Powell and Walsh, JJ., concur.
APPENDIX Selected Provisions of the STZR ARTICLE VI "`E' ESTATE RESIDENCE DISTRICT (Footnote omitted.) "* * *
"SECTION"6.1 Use Regulations
"A building or premises shall be used only for the following purposes:
"1. Agriculture * * * [.] (Footnote omitted.)
"2. Single family dwellings.
"* * *
"SECTION"6.1A Uses Permitted as Special Exceptions
"The following uses shall be considered special exceptions and will require written approval of the Board of Appeals.
"1. Mining and Extraction of Mineral or Raw Materials. The Board may attach such conditions and safeguards as it deems necessary to protect neighboring properties or districts from fire hazards or smoke, noise, odor, dust, or any other detrimental or obnoxious effects incidental to such operation, in addition, the Board shall require a written agreement, approved by the Board, from the owners of such operation to the effect that, upon termination of such operation, the land involved shall be reclaimed to as near its original state as is practical in the opinion of the Board.
"* * *
"3. Radio and Television transmitters and antennas.

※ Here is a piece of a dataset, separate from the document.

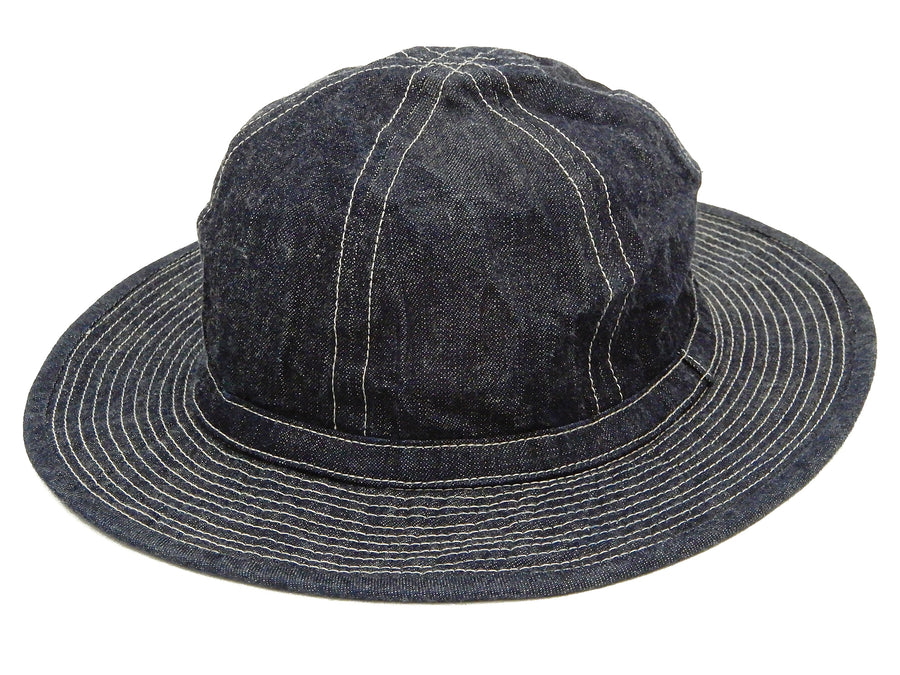 Buzz Rickson Daisy Mae Hat Men's Reproduction US Army Denim Boonie Hat BR01476 Denim-One-Wash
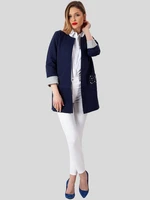 PERSO Woman's Coat BLE910000F Navy Blue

"4. Mobile Homes[.] (Footnote omitted.)
"* * *
"5. Telecommunication Towers and Antennas[.]
"* * *
"6. Bed and Breakfast[.]
"* * *
"ARTICLE VII "`S' SURBURBAN RESIDENCE DISTRICT "* * *
"SECTION"7.1 Use Regulations
"A building or premises shall be used only for the following purposes:
"1. Any use permitted in `E' Estate Residence District.
"2. Home Occupations.
"3. Two family dwelling.
"SECTION"7.1A Uses Permitted as Special Exceptions
"The following uses shall be considered special exceptions and will require written approval of the Board of Appeals.
"* * *
"3. Telecommunication Towers and Antennas[.] (Footnote omitted.)
"* * *
"4. Bed and Breakfast[.] (Footnote omitted.)"
1 Selected provisions of the STZR have been set forth in the appendix to this opinion.
2 A "term of art" is "[a] word or phrase having a specific, precise meaning in a given specialty, apart from its general meaning in ordinary contexts." Black's Law Dictionary (7 Ed. 1999) 1483.